MESHING ALL OF GEOLOGY WITH THE HISTORY OF LIFE: THE “SYNOPTIC VIEW OF THE LEADING PHENOMENA OF GEOLOGY*,” 1836 (WILLIAM BUCKLAND AND THOMAS WEBSTER)
While cross-sections had been published together with maps (Smith, Cuvier and Brongniart, Maclure, e.g.), and plates of fossils published to accompany stratigraphic (cross-) sections (notably by William Smith), the synoptic view presented by Buckland and Webster was a tour-de-force illustrating all of geologic time as set out by rocks and fossils. Buckland’s Treatise was one of the most popular 19th-century books on natural history, widely distributed and influential, and Plate 1 in particular illustrated life’s progression through geologic time. A version of this figure, including a key rather than the 17-page explanation, appeared in Heinrich Berghaus’ 1840s monumental Physikalischer Atlas. This version today is noted as a pioneering work in graphical illustration.
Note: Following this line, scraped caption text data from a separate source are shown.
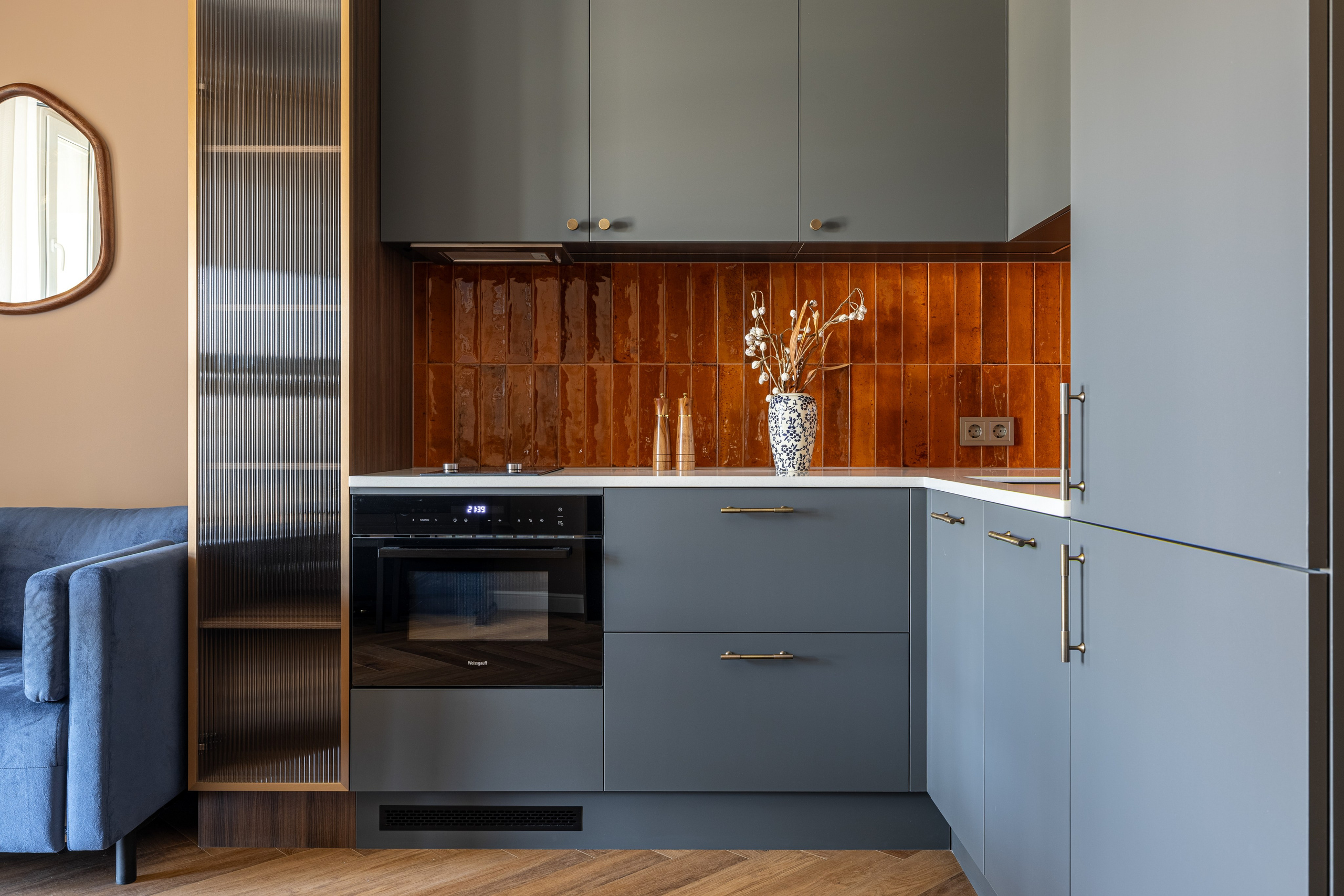 Эклектичный интерьер с элементами современной классики. Веселински | Интерьерный фотограф | Москва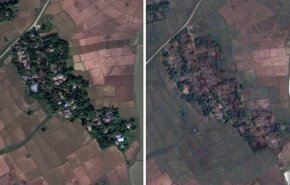 تصاویر ماهواره‌ای وخامت بحران روهینجاهای میانمار را افشا کرد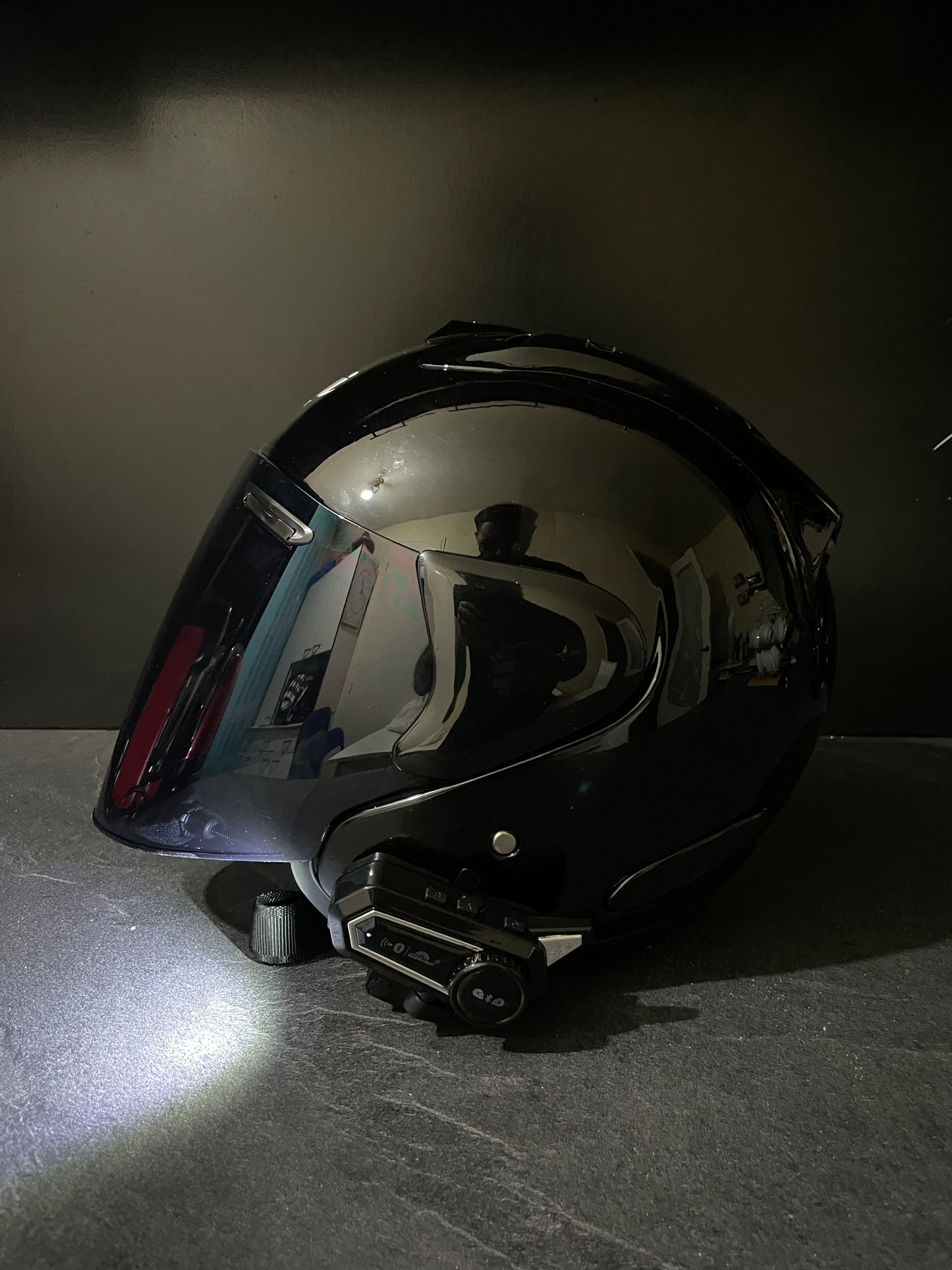Casque sz-ram4 - noir Brillant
[subtitled:] *”Besides 120 figures of Plants and Animals, this Plate represents 30 kinds of Sedimentary Deposits, and 8 varieties of Unstratified Rocks; it also shows the dispositions of intruded Dykes, Metalliferous Veins, and Faults”
[title on Plate:] “Ideal Section of a Portion of the Earth’s Crust, intended to show The Order of Deposition of the Stratified Rocks, with their relation to The Unstratified Rocks, Composed by Thomas Webster, F.G.S. &c. The Plants and Animals Selected and Arranged by Dr. Buckland and Engraved by Joseph Fisher.”